Quando o julgamento começou em 2021, o procurador-geral da República, Augusto Aras, defendeu o direito da etnia Xokleng sobre a área. “É preciso que se diga com clareza: haverá casos em que, mesmo não havendo posse por parte dos índios em 5 de outubro de 1988, a terra poderá ser considerada como tradicionalmente ocupada por eles”, disse Aras. Relator do recurso da Funai, o ministro Edson Fachin também defendeu o direito dos indígenas. “A proteção constitucional aos ‘direitos originários sobre as terras que tradicionalmente ocupam’ independe da existência de um marco temporal em 05 de outubro de 1988 e da configuração do renitente esbulho como conflito físico ou controvérsia judicial persistente à data da promulgação da Constituição”, disse Fachin.
O PL da discórdia
Na noite de quarta-feira, o Plenário da Câmara aprovou – por 324 votos a favor e 131 contra – o requerimento de urgência para o projeto de lei do marco temporal na demarcação de terras indígenas, restringindo a demarcação de terras indígenas àquelas já tradicionalmente ocupadas por esses povos em 5 de outubro de 1988, data da promulgação da Constituição.

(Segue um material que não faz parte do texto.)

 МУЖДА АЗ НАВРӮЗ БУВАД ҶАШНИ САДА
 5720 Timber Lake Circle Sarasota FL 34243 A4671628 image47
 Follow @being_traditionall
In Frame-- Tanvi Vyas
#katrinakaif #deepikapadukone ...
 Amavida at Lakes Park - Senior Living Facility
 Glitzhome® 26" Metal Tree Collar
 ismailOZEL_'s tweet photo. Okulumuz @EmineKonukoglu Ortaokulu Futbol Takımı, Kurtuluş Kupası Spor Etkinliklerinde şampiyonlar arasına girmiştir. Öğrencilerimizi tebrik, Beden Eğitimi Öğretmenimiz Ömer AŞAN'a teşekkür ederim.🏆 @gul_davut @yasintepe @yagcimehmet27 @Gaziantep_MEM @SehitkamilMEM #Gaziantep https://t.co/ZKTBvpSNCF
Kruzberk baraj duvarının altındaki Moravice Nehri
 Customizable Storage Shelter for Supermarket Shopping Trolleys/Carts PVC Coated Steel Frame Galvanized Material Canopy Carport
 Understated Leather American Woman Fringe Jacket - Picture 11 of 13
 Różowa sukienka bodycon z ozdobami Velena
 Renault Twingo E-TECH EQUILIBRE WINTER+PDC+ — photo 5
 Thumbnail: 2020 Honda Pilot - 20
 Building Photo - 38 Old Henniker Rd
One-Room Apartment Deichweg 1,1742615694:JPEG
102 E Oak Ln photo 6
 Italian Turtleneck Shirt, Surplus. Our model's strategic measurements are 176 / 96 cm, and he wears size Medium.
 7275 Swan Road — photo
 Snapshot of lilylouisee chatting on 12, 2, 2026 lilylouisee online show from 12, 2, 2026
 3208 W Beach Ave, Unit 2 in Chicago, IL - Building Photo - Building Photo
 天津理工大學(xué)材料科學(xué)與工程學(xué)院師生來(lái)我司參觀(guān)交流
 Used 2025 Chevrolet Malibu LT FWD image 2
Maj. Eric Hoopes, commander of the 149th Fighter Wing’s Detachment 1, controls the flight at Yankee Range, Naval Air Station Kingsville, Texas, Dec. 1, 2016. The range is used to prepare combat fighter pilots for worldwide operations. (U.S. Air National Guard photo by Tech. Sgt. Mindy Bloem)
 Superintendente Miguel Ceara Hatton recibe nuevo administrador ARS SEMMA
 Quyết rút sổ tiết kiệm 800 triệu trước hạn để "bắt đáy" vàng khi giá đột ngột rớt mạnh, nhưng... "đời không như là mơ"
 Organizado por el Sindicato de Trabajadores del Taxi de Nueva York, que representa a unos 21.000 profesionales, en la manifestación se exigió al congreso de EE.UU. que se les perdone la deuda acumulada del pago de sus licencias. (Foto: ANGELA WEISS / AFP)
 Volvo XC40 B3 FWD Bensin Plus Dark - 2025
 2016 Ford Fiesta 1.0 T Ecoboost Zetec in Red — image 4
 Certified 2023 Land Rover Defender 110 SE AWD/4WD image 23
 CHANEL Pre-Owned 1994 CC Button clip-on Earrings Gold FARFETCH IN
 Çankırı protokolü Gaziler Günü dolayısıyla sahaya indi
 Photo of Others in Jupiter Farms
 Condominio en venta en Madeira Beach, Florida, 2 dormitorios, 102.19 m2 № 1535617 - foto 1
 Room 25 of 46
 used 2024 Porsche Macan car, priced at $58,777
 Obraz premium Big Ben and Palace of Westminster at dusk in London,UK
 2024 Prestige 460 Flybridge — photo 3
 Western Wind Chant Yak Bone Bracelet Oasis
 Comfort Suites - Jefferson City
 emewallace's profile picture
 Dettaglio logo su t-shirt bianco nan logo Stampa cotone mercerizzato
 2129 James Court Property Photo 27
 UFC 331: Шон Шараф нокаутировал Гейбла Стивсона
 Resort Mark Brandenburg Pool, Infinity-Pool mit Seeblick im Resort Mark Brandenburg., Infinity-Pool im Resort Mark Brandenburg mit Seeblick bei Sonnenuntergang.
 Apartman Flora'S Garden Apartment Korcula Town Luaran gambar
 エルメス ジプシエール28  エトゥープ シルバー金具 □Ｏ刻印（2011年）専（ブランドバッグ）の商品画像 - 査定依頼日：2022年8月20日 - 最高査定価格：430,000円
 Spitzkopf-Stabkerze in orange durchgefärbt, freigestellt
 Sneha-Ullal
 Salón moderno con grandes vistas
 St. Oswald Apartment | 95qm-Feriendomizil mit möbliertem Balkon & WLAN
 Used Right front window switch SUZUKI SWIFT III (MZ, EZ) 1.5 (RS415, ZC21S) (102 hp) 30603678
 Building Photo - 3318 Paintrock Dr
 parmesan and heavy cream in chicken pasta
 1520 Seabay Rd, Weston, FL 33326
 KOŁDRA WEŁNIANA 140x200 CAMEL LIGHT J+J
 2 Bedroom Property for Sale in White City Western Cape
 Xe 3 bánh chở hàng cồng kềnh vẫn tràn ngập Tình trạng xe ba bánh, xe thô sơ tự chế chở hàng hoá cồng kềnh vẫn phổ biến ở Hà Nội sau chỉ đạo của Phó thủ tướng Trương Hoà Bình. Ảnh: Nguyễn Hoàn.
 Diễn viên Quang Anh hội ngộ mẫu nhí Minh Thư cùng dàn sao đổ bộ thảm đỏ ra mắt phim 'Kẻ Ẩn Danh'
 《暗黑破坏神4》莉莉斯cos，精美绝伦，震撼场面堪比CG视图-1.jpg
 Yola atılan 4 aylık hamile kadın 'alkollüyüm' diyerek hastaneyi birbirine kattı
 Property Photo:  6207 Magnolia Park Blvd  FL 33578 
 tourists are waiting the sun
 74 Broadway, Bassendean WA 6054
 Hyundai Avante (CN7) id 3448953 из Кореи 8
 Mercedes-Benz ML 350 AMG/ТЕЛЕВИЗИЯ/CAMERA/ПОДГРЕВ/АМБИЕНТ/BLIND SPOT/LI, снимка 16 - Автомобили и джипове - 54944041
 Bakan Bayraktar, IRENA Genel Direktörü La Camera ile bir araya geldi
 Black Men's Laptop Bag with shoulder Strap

O requerimento foi apresentado pelo deputado bolsonarista Zé Trovão e teve apoio do relator do PL, Arthur Maia. “É um projeto audacioso, que acabaria com a guerra entre os indígenas e os produtores, e faz justiça àqueles que produzem e levam sustento”, disse Trovão. “É inaceitável que ainda prevaleça a insegurança jurídica e que pessoas de má-fé se utilizem de autodeclarações como indígena para tomar de maneira espúria a propriedade alheia, constituída na forma da lei, de boa-fé e de acordo com o que estabelece a Constituição brasileira”, disse o relator.
Segundo o texto do substitutivo apresentado por Maia, a interrupção da posse indígena ocorrida antes do marco temporal, independentemente da causa, inviabiliza o reconhecimento da área como tradicionalmente ocupada. A exceção é para caso de conflito de posse no período. A proposta que vai à votação também proíbe a ampliação de terras indígenas já demarcadas.
O substitutivo de Arthur Maia ainda flexibiliza o uso exclusivo de terras pelas comunidades e permite à União retomar áreas reservadas em caso de alterações de traços culturais da comunidade; possibilita contratos de cooperação entre índios e não índios para atividades econômicas; e permite contato com povos isolados “para intermediar ação estatal de utilidade pública”. Pelo texto do relator, o usufruto dos índios não abrange o aproveitamento de recursos hídricos e potenciais energéticos, a garimpagem, a lavra de riquezas minerais e “áreas cuja ocupação atenda a relevante interesse público da União”.